→ Your objective
For every entry that follows, return the words exactly and omit any picture.

→ Data to use

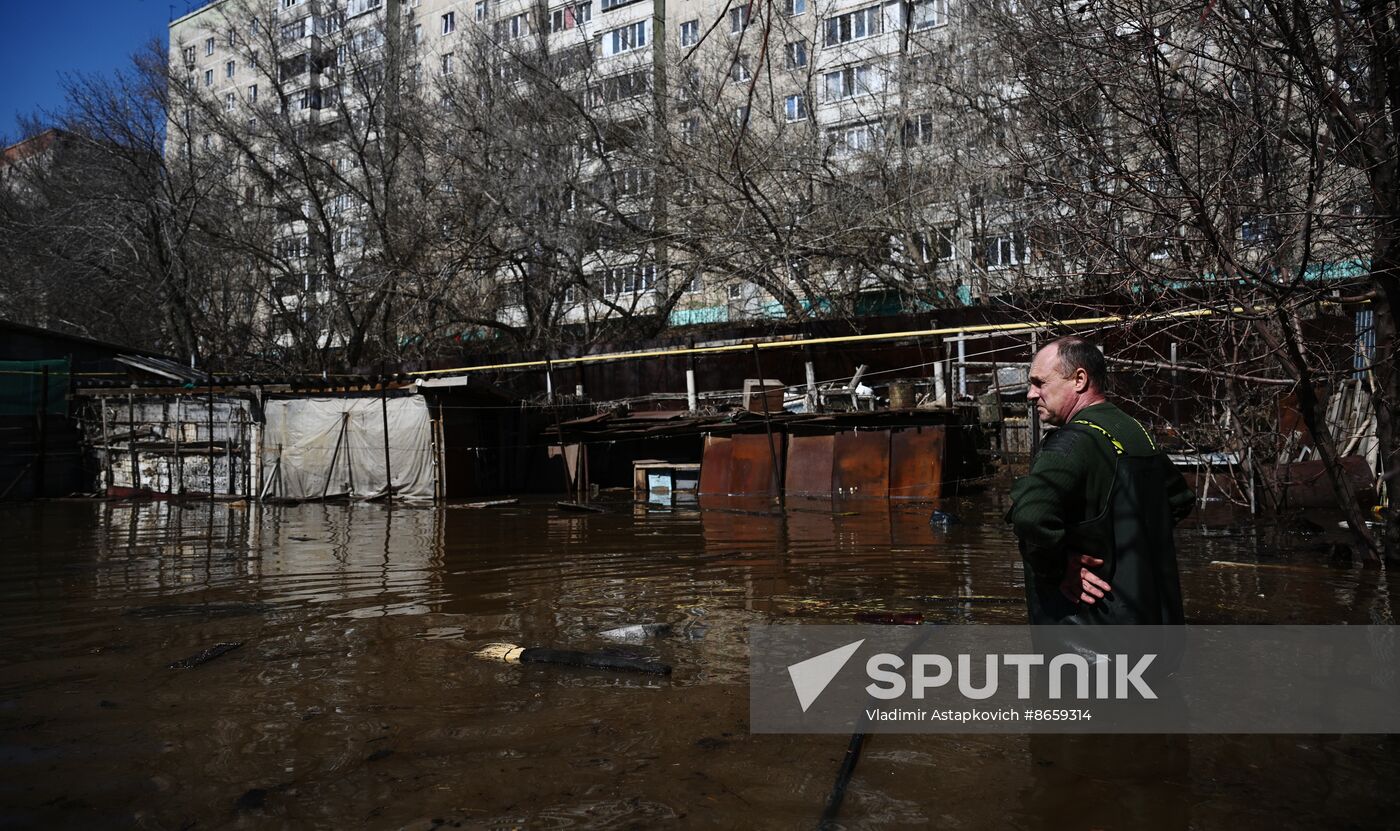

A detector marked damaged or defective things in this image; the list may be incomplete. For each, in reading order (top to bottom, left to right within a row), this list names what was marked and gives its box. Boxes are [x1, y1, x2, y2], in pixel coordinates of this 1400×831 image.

rusted metal sheet [697, 433, 733, 492]
rusted metal sheet [728, 433, 784, 492]
rusted metal sheet [789, 430, 828, 495]
rusted metal sheet [828, 430, 884, 495]
rusted metal sheet [890, 428, 946, 498]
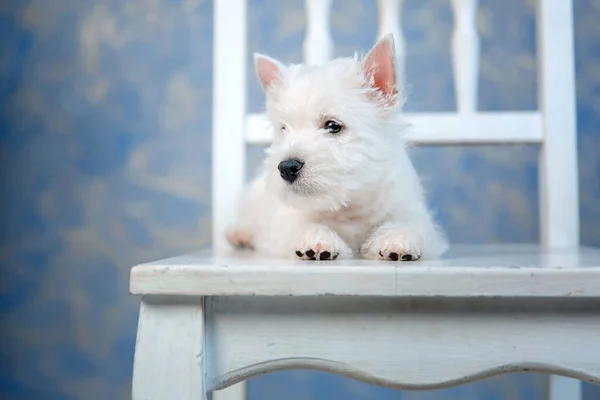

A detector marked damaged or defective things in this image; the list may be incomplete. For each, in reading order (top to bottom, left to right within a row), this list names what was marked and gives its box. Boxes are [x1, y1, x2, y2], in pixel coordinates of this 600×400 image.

→ Exercise result
A detector marked damaged or defective things in this image; the list may be incomplete. For each, in reading order (top to bottom, left to right within a row), this list names what was marked and gives its box. Boxes are [x1, y1, x2, y2], in pixel coordinates of this 1400×831 image.

rusted metal sheet [697, 433, 733, 492]
rusted metal sheet [728, 433, 784, 492]
rusted metal sheet [789, 430, 828, 495]
rusted metal sheet [828, 430, 884, 495]
rusted metal sheet [890, 428, 946, 498]

A detector marked damaged or defective things in this image; the list may be incomplete. For each, in reading order (top to bottom, left to right within a row), this list names what was marked and gives its box. Boxes are [x1, y1, x2, y2], in pixel coordinates of this 600×400 image.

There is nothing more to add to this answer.